It is likely to be more about making incremental changes on current sites than pouring new concrete, which few operators are doing today anyway, he says. Monitor the temperatures, tidy the cabling, close rack doors to maximise airflow, and so on.
“There are really simple things that people don’t do in poorly run datacentres,” says Bennett. “Ultimately, you need to make sure you know what sort of fault tolerance you’ve got with hotter days. Can you cope with the loss of a main air-conditioning unit, for example?”
A bigger issue is managing heat generated internally by the datacentre itself, which means attention to monitoring and improving airflows and other basics, rather than implementing a new solution.
“You’re generating a lot more heat in a smaller footprint,” Bennett notes. “You have to offset that our electricity costs have gone through the flippin’ roof. People have to review their air-con capability properly and revise it up to 40ºC anyway.”
Moving workloads somewhere with lower temperatures, like Scotland, and which might offer “consistent cost of electricity”, like Iceland, might also make sense, especially to procurement departments looking to nail down a few variables for longer-term plans, Bennett suggests.

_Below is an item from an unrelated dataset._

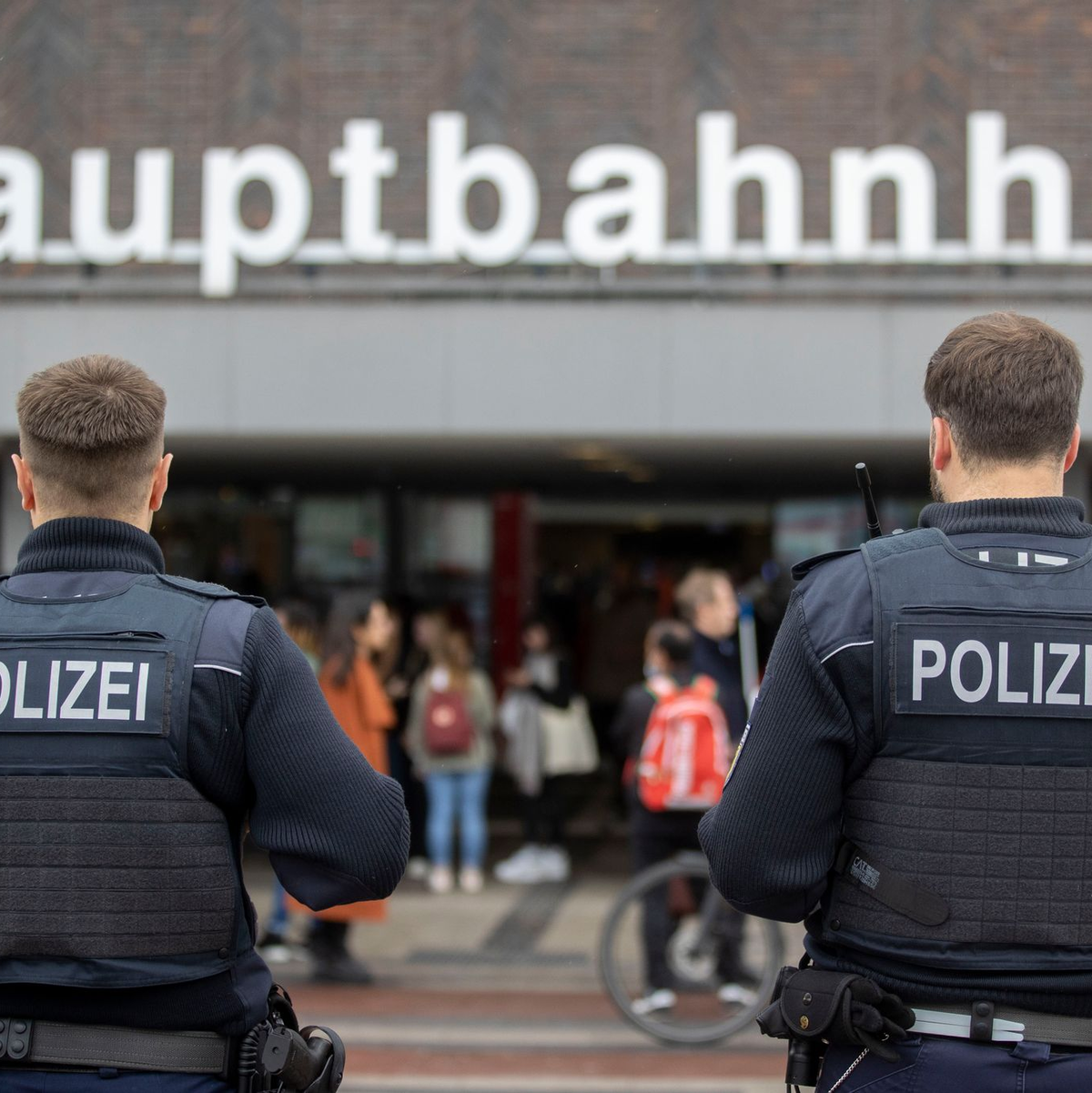 Der Polizeibeauftragte des Bundes, Uli Grötsch, hat sich mehrere Liegenschaften der Bundespolizei in Bahnhöfen angeschaut. (Archivbild) - Foto: Christoph Reichwein/dpa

Tate Cantrell, CTO at Iceland operator Verne Global, points out that cooler-climate datacentres can use less energy cooling higher-density workloads. The Icelandic summer average is just 13ºC and datacentres can use 100% hydro and geothermal power.
“More workloads could be moved to more sustainable locations,” says Cantrell. “Metropolitan datacentres, such as near London, could focus on supporting latency-sensitive applications.”
Pinpoint remaining inefficiencies for elimination
Raymond Ma, general manager for Europe, Australia and New Zealand at Alibaba Cloud Intelligence, maintains that conventional, older datacentres can be “incredibly inefficient”. Standard air-conditioning can eat up 40% of the total energy bill, resulting in a huge environmental impact.
Innovation remains important, including looking at advanced immersion or water cooling technologies, with redesigns of conventional centres requiring planning around reconstruction of the infrastructure, preparation of specially designed IT, coolant selection, and mechanisation of monitoring and maintenance systems.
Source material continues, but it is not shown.